---- RECORDS FOR PROCESSING

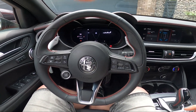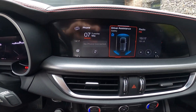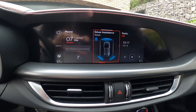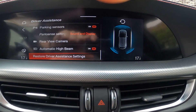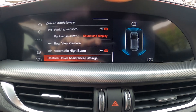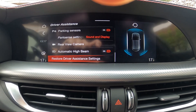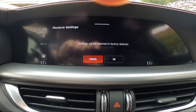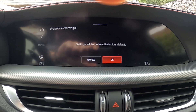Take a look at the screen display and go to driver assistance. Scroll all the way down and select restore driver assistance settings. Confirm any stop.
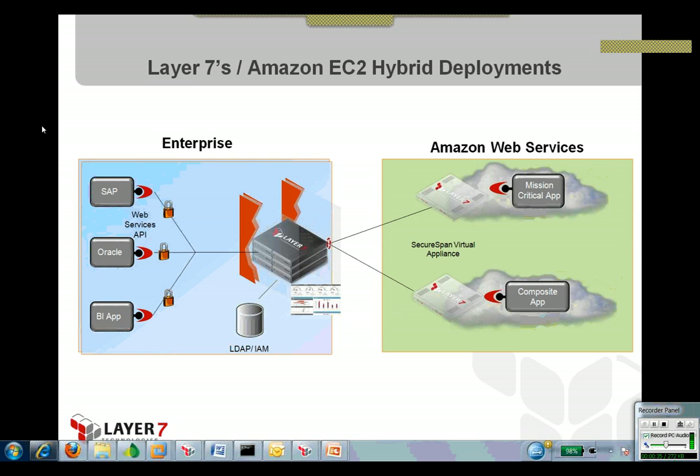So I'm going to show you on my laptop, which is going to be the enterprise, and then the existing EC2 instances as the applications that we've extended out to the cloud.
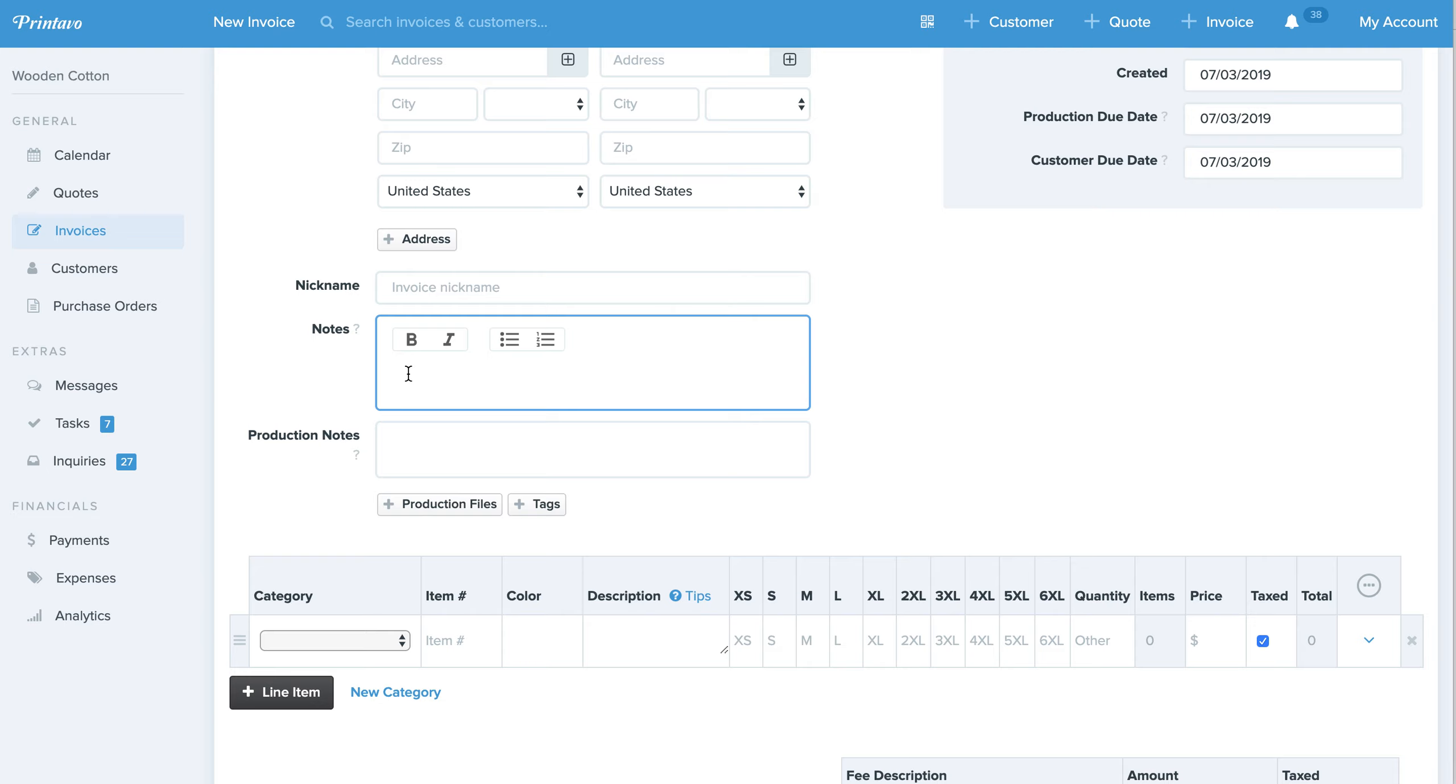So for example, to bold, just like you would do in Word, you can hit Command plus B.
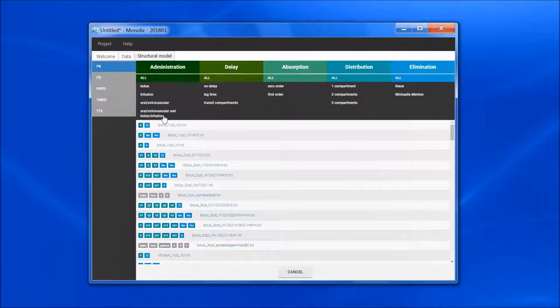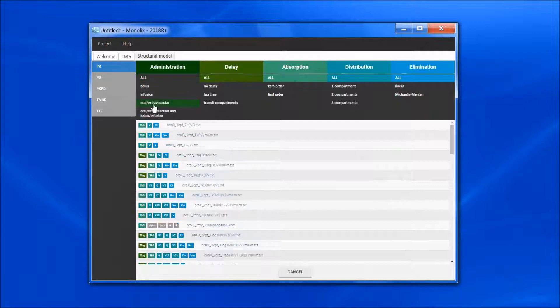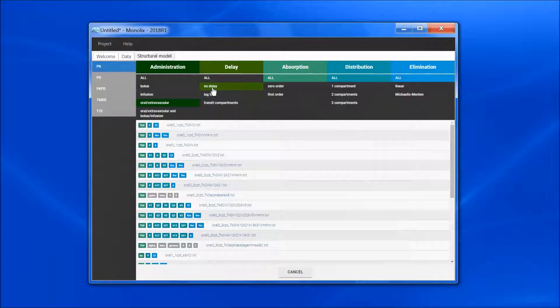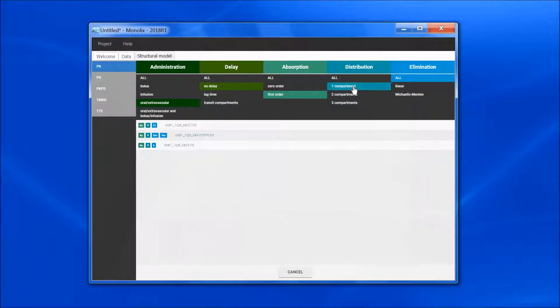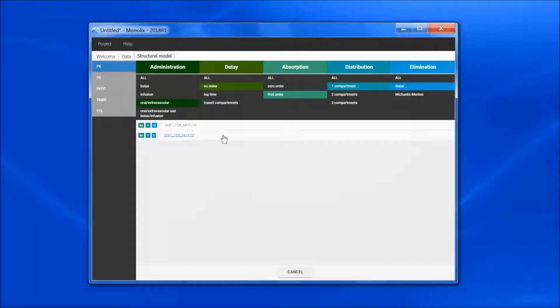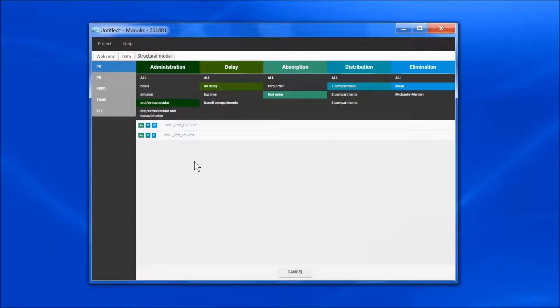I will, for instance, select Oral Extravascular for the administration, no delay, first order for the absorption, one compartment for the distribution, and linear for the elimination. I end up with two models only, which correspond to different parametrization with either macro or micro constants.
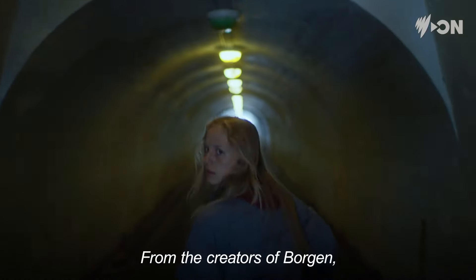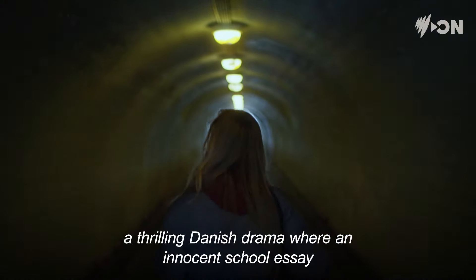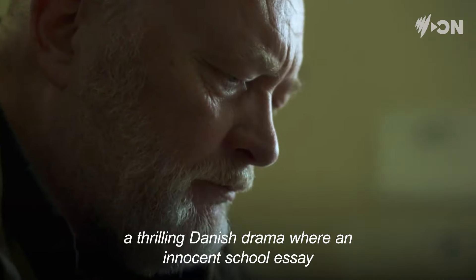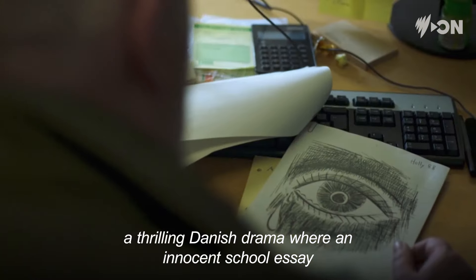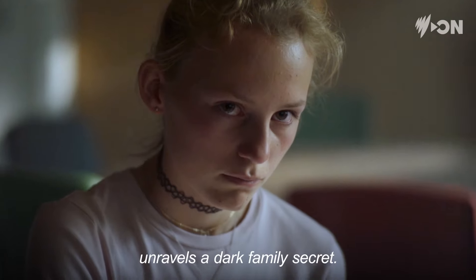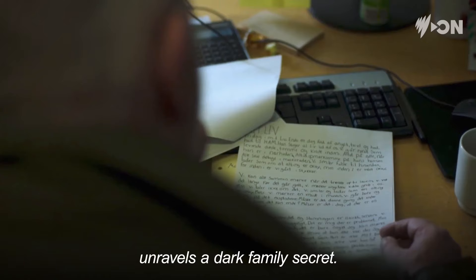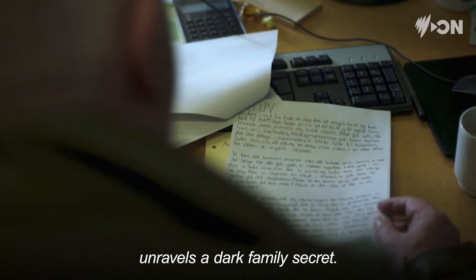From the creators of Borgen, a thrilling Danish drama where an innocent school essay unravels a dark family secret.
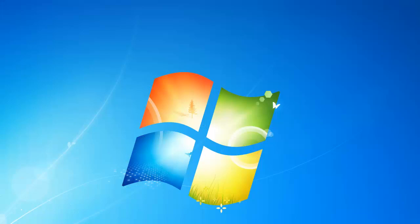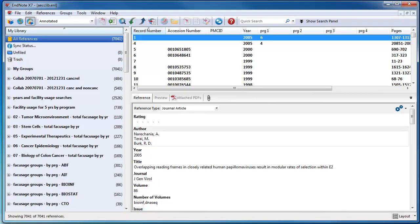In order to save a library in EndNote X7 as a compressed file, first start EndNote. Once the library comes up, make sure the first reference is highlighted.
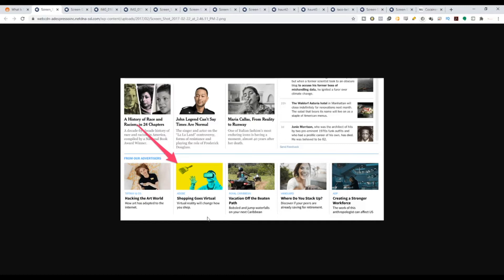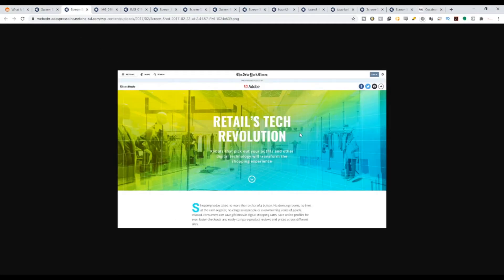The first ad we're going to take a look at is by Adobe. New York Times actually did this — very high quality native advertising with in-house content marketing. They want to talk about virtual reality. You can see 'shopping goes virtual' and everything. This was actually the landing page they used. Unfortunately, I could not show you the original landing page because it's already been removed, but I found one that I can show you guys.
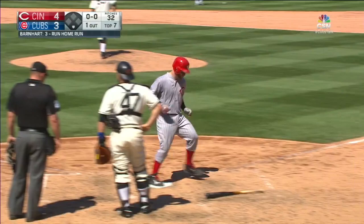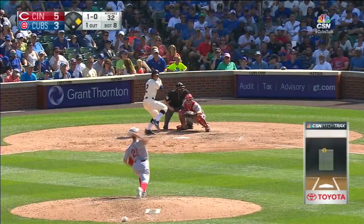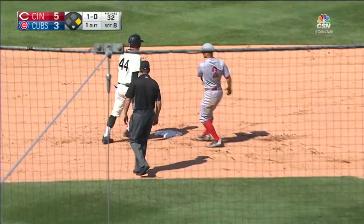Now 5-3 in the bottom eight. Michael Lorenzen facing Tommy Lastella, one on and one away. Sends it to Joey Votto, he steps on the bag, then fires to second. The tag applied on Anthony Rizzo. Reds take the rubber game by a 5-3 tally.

--------
---- RECORDS FOR PROCESSING

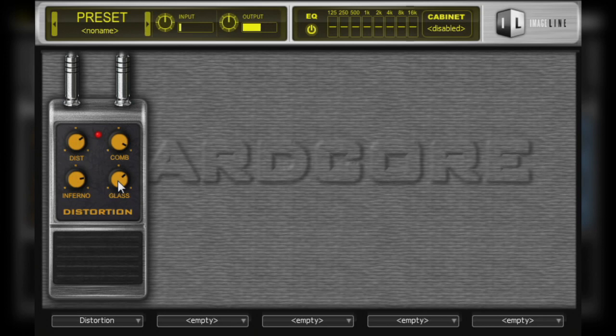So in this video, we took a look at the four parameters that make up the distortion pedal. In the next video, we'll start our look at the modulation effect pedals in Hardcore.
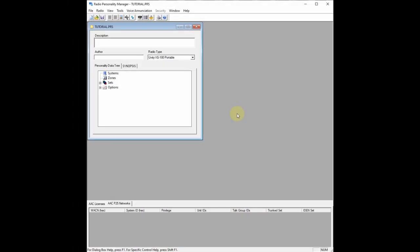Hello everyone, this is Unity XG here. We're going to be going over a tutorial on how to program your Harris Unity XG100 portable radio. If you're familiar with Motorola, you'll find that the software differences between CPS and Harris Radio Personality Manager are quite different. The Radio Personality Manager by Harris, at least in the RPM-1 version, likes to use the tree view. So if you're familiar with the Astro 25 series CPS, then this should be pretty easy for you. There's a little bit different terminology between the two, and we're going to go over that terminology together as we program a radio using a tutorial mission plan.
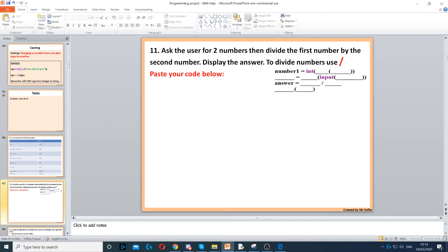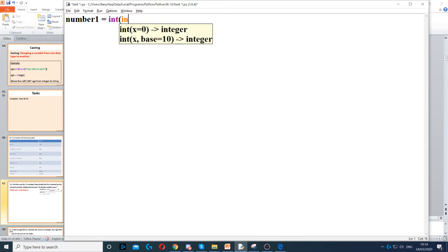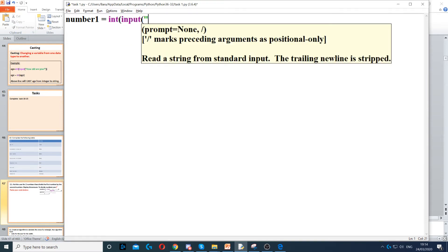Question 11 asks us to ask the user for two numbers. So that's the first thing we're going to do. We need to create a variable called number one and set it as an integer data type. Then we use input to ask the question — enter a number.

--------
---- RECORDS FOR PROCESSING

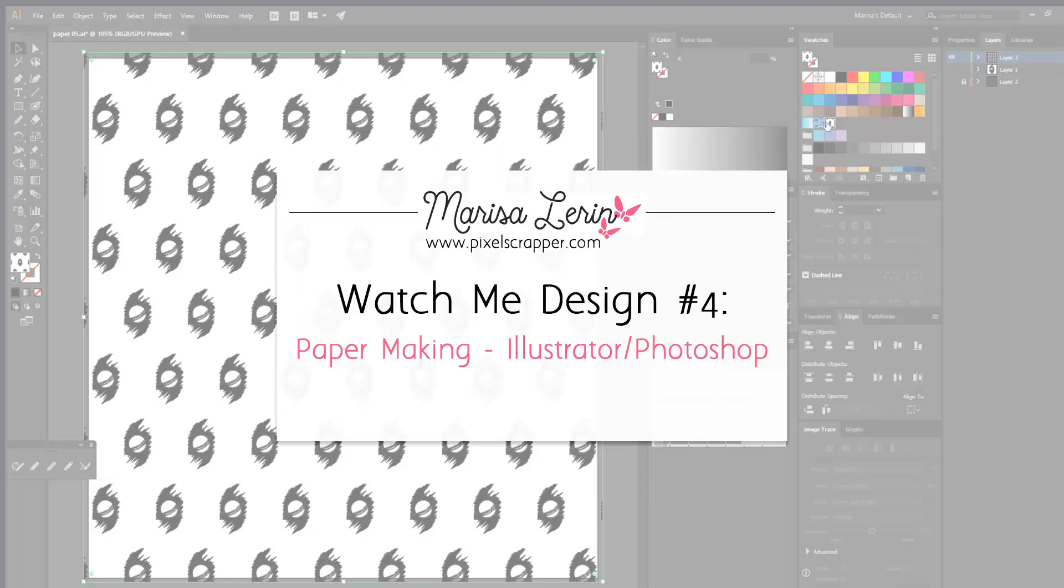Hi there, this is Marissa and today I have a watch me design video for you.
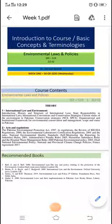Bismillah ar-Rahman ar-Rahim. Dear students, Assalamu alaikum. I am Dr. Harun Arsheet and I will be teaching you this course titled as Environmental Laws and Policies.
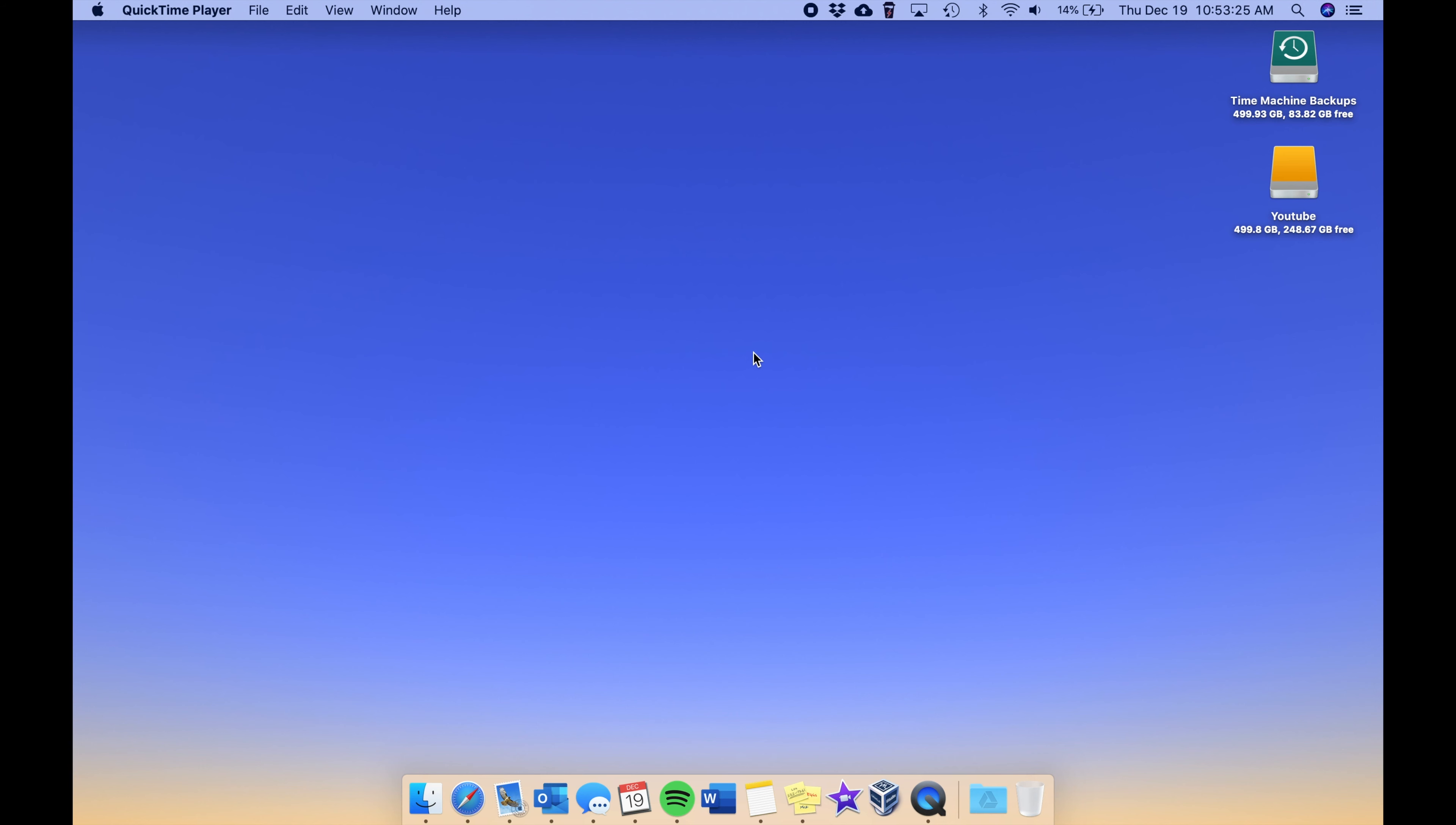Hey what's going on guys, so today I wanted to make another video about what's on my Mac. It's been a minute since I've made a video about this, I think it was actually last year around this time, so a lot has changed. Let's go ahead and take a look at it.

--------

**ACTION ITEM**
Skipping the pictures, print the lines in the listing above exactly as written, starting at the line with "I will, for" and ending at the line with "From the creators", both included.

**ANSWER SECTION**
I will, for instance, select Oral Extravascular for the administration, no delay, first order for the absorption, one compartment for the distribution, and linear for the elimination. I end up with two models only, which correspond to different parametrization with either macro or micro constants.
From the creators of Borgen, a thrilling Danish drama where an innocent school essay unravels a dark family secret.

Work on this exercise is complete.